Typically, a graduate teacher programme will give you a blend of academic study, giving you a base knowledge of how to teach successfully, 120 days of practical classroom experience in two or more schools, as well as coaching and mentoring for classroom management. Assessments of your teaching skills will regularly take place to ensure that you are meeting the criteria.
One of the most popular courses is the Post Graduate Certificate in Education (PGCE). This one year course runs from September to July and combines substantial school placements alongside studying the theory behind teaching and learning. There are different types of PGCE that will help you to prepare for the type of teaching career that you wish to pursue (i.e. specific discipline) or the age of children that you wish to teach (i.e. Primary).
The good news is that these programmes also come with bursaries and contributions towards your education training which can go a long way to covering fees and costs associated with training to be a teacher along with enhancing salary packages. These can be worth as much as £28,000 in England, along with early career payments on top.
On completion of your ITT, you will attain Qualified Teacher Status (QTS)
I have good academic grades – what else do I need?
It takes a certain type of person to become a teacher; in addition to academic qualifications, you also need to consider your personal qualities, as these will be taken into account by prospective employers.
Do you have a proven ability to relate to children and their parents or carers? This could be in the form of helping out at a school or maybe working as a sports coach or scout leader. This will help to demonstrate how you work with children and inspire and motivate them.
An in-depth knowledge of the subject that you are looking to specialise in and its relevance to the curriculum. This enables you to build good foundations for learning and will set the expectations for pupils. It will also help you transfer your knowledge to your pupils in an understandable and inspirational way.
Excellent communication skills are necessary to convey your message and motivate your pupils. You also need to think about how you can turn what you understand into something that they will understand.
Great organisational skills are paramount. No teaching day is ever the same, and despite how much planning and preparing you may do, you may always get curve balls and last minute changes.
The ability to deal with conflict in a calm and controlled manner – remember, this may not even be with pupils - it may be with parents who are challenging your point of view.
Overall, you need a good sense of humour – it will motivate your pupils, it will keep you motivated, and it will motivate your teaching colleagues around you.
It all sounds good – what’s next?
So you really want to become a teacher?
We hope that you found this an informative read. The next steps are to start to look for teaching courses that will commence later in the year – but that will shortly be taking applications.

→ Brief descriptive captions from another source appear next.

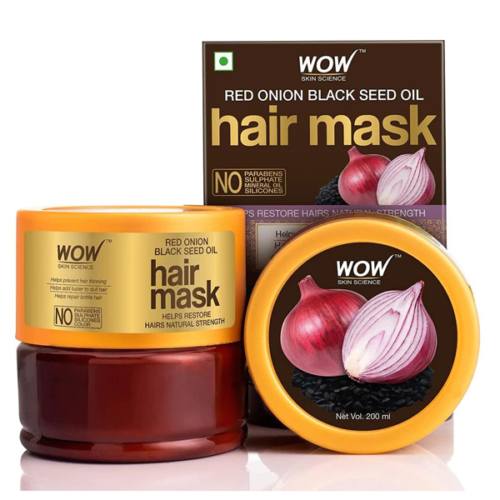 Wow Red Onion Black Seed Oil Hair Mask-200ml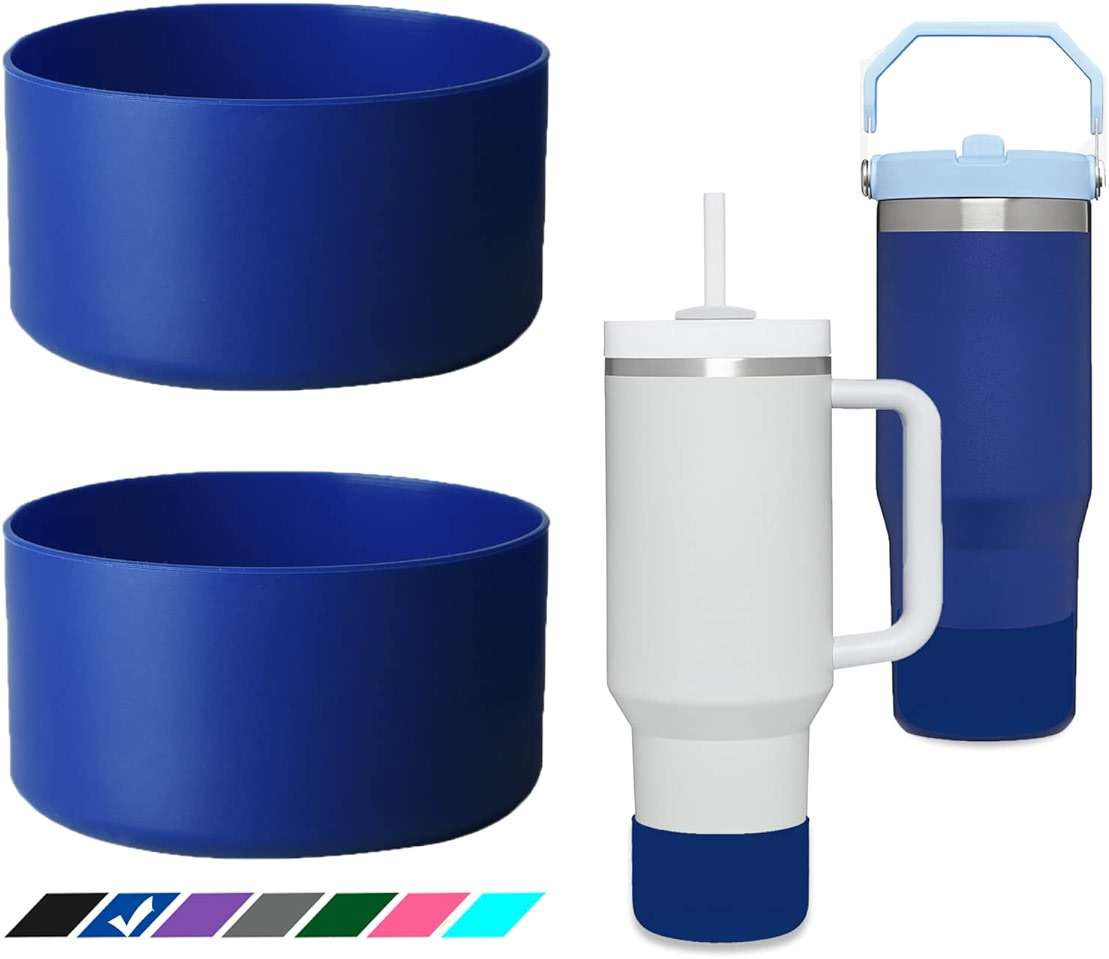 Greant 2 PCS Protective Water Bottle Boot Compatible with Stanley Quencher 30oz & 40oz, Anti-Slip Silicone Boot, Water Bottle Accessories - Image 1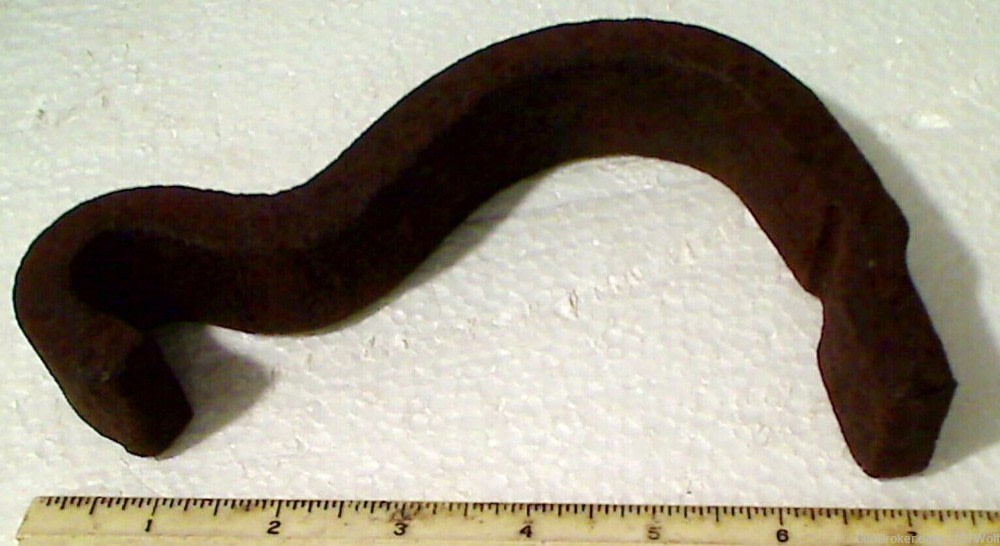 Authentic Civil War Tredegar Iron Works Richmond Railroad Dug Iron Relics-img-2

Websites such as https://beta-getintoteaching.education.gov.uk/my-story-into-teaching are really useful and contain a lot of information about courses local to you, teaching grants, starting salaries and much more.
Find a part-time volunteering role if you are able to, as building a bank of experience now is a good footing for you.
Good luck in the pursuit of your career, and we will look forward to helping you find a position when you achieve your QTS status!